Having packed Michael Rahn off to Charlottenburg, Max made his way to
Adalbertstrasse. Slipping into the
Rote Rose bar, a nondescript haunt of low-level civil servants and other office workers, the Kriminalinspektor ordered a black coffee from the barman and took up residence at a table by the window. After a few moments of half-hearted people-watching, he retrieved his cigarettes from the pocket of his jacket. A waiter arrived with his coffee and small glass of water, placing the bill under Max’s nose just in case he missed it. 

Don’t be so pushy, pal, or you won’t get a tip.
Taking a sip of the water, he lit up an HB and glanced at his watch. ‘How late are you going to be this time?’ he wondered.

As if by magic, Clara Ozil appeared at his shoulder. She gave him a peck on the cheek and called to the hovering waiter to bring her a pot of green tea. The man nodded and skipped behind the bar, happy to have at least a couple of customers during the post-lunch lull.

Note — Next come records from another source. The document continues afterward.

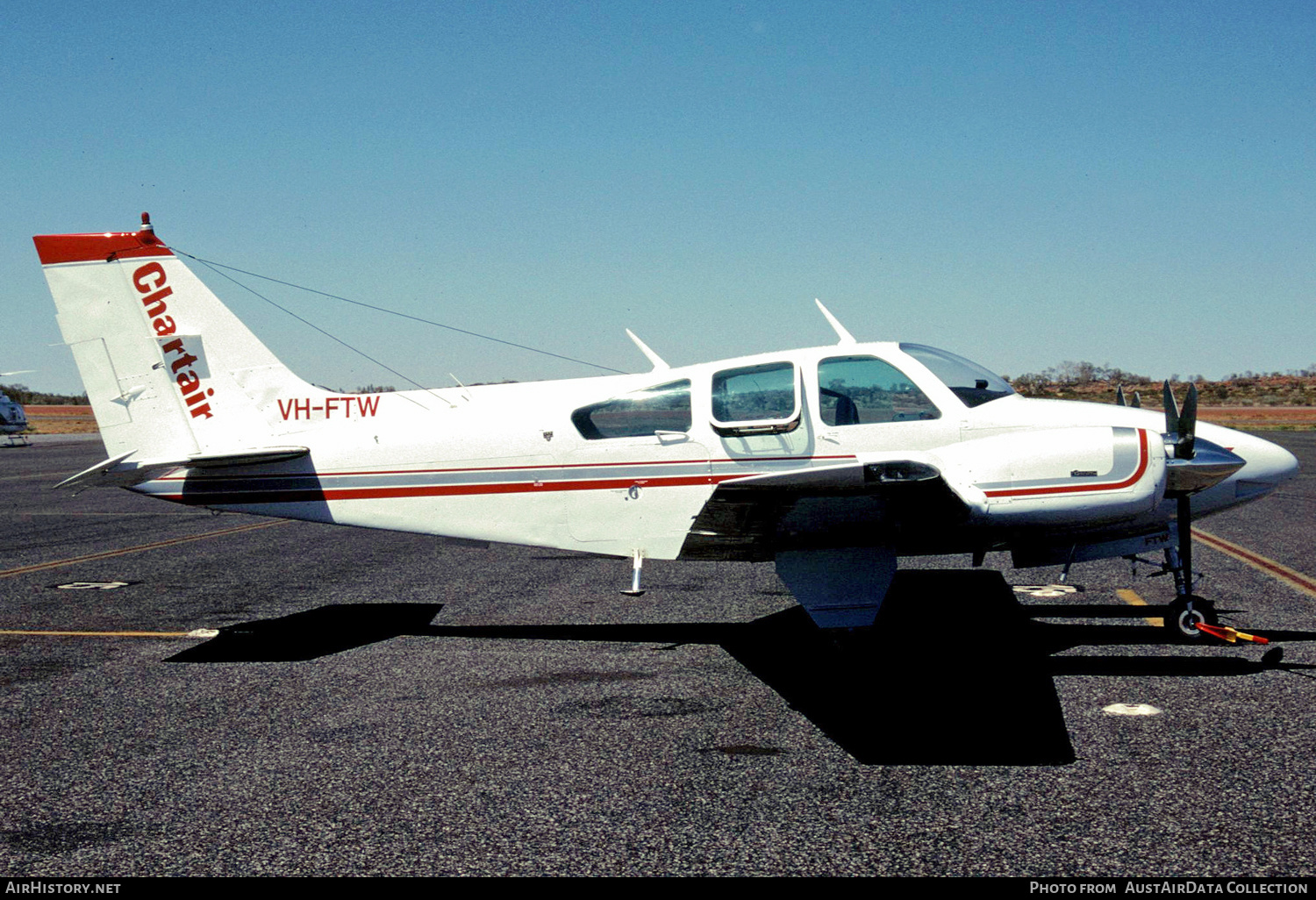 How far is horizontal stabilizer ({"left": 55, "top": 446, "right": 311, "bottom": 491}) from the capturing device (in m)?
8.48

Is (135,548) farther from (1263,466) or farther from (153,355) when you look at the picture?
(1263,466)

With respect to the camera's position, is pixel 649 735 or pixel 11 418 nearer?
pixel 649 735

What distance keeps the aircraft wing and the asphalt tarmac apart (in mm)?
910

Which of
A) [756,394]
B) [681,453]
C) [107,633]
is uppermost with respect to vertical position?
[756,394]

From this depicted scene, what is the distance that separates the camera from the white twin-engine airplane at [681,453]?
271 inches

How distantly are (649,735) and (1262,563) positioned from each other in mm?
9151

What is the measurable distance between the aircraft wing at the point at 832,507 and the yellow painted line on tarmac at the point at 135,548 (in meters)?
8.69

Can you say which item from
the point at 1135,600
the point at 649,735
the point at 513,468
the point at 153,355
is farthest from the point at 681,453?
the point at 153,355

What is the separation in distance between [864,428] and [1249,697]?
312 centimetres

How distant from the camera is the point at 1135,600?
9.48 metres

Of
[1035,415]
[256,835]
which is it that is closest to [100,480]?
[256,835]

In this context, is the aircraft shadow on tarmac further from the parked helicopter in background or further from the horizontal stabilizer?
the parked helicopter in background

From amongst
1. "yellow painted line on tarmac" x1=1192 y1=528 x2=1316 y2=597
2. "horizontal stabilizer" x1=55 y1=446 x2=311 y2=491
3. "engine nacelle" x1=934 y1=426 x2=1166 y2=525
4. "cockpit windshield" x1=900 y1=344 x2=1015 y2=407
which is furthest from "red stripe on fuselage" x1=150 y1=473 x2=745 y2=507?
"yellow painted line on tarmac" x1=1192 y1=528 x2=1316 y2=597

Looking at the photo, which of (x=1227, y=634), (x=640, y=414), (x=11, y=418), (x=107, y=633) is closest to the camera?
(x=1227, y=634) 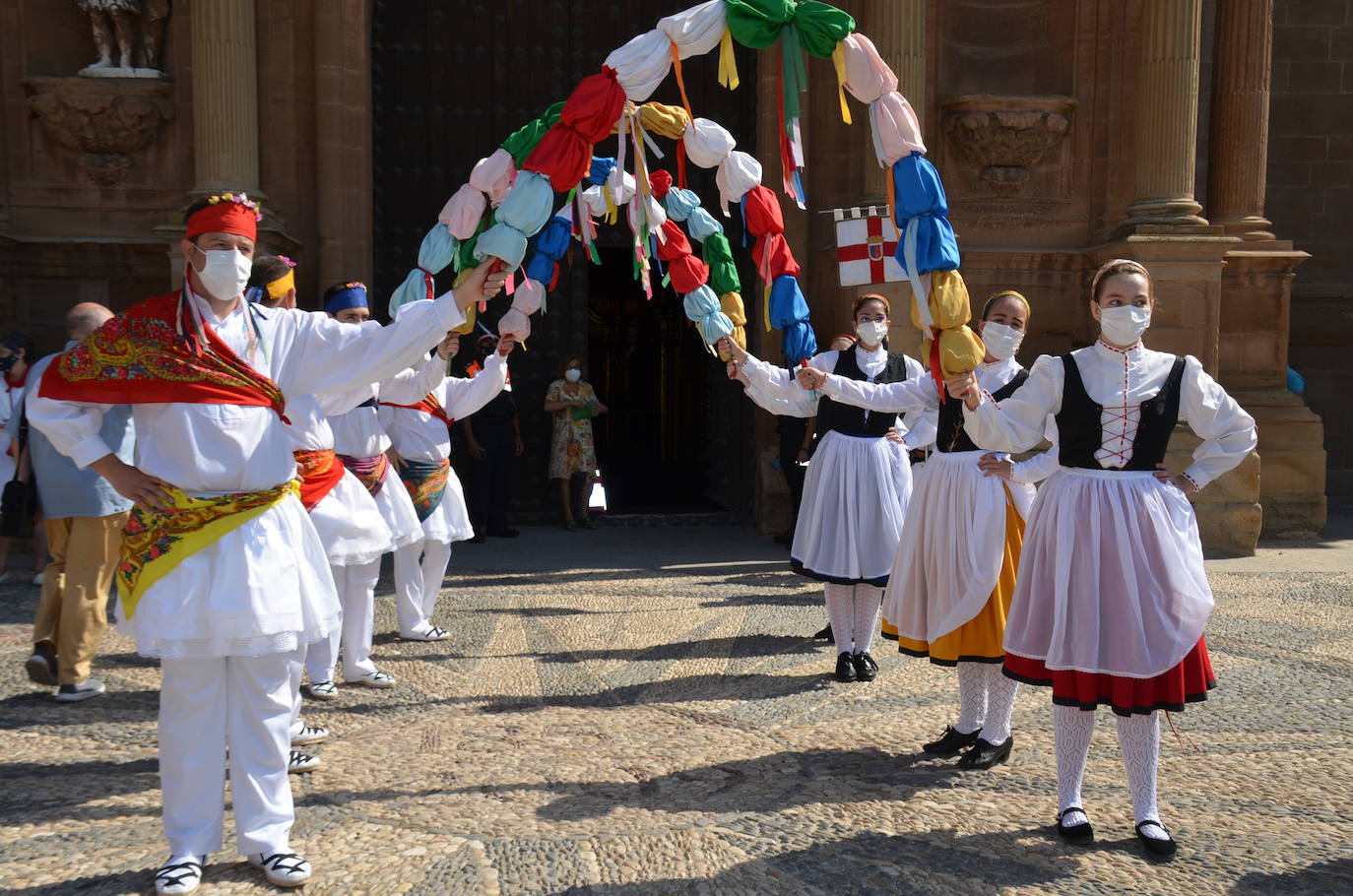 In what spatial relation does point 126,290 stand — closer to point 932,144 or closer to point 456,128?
point 456,128

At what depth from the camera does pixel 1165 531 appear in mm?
3939

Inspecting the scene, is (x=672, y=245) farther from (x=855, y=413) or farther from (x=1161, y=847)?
(x=1161, y=847)

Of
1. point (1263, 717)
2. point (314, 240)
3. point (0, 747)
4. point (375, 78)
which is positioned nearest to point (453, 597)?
point (0, 747)

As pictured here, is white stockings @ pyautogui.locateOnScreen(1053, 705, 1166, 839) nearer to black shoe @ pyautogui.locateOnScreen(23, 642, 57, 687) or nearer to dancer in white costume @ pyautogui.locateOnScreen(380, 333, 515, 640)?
dancer in white costume @ pyautogui.locateOnScreen(380, 333, 515, 640)

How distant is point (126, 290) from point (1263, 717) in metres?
10.3

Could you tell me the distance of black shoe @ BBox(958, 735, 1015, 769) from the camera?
4754 mm

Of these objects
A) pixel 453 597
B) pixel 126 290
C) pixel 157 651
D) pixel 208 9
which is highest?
pixel 208 9

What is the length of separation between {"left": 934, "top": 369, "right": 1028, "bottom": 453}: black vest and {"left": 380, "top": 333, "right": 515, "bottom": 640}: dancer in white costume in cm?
269

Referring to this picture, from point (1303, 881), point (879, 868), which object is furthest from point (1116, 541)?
point (879, 868)

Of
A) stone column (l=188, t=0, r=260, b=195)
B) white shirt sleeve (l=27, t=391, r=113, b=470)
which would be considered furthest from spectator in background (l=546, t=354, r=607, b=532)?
white shirt sleeve (l=27, t=391, r=113, b=470)

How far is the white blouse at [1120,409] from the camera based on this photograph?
13.2 ft

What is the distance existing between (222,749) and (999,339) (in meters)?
3.32

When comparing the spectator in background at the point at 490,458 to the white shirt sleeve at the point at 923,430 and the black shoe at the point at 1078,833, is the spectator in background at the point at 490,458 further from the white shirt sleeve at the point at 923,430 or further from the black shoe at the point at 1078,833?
the black shoe at the point at 1078,833

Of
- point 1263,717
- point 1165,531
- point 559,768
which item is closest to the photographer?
point 1165,531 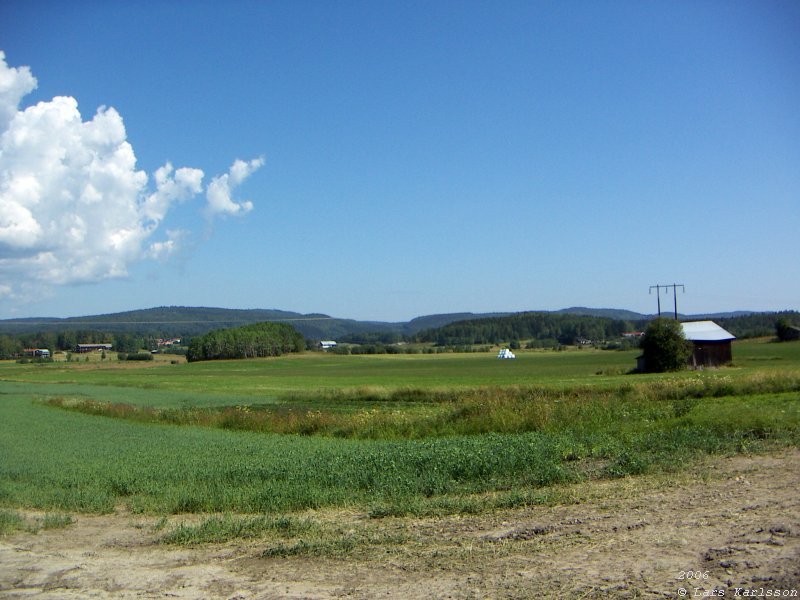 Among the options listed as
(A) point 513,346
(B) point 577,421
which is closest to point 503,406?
(B) point 577,421

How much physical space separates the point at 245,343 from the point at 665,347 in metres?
114

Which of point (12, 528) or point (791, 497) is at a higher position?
point (791, 497)

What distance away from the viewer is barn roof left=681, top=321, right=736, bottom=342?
235 ft

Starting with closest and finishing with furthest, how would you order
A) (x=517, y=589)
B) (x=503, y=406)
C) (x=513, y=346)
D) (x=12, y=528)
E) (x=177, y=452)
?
(x=517, y=589), (x=12, y=528), (x=177, y=452), (x=503, y=406), (x=513, y=346)

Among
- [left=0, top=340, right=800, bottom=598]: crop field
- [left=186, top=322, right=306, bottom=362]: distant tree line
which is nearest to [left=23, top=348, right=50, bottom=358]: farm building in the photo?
[left=186, top=322, right=306, bottom=362]: distant tree line

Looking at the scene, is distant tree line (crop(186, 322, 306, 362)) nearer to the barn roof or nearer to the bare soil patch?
the barn roof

‘You’re late,’ Max grumbled.

‘So were you,’ Clara grinned, pulling up a seat and sitting down. Illuminated by the mid-afternoon sunshine, she radiated vitality. Her modest attire, a white blouse underneath a cheap grey business suit, seemed only to enhance her beauty, all pale skin, firm lines and raven black hair.

She was a truly magnificent woman, there were no two ways about it.

Not for the first time, Max reflected on the fact that Clara was simply far too sexy to be a lawyer. Catching him staring, she gave him an amused grin. ‘What are you looking at? If I didn’t know better, I might think you are checking me out.’

‘You know better,’ Max laughed.

‘Yes, I do, fortunately for you.’ The waiter appeared with her pot of tea, along with a cup and saucer. Clara quickly handed over a 10DM note, waving away the offer of change.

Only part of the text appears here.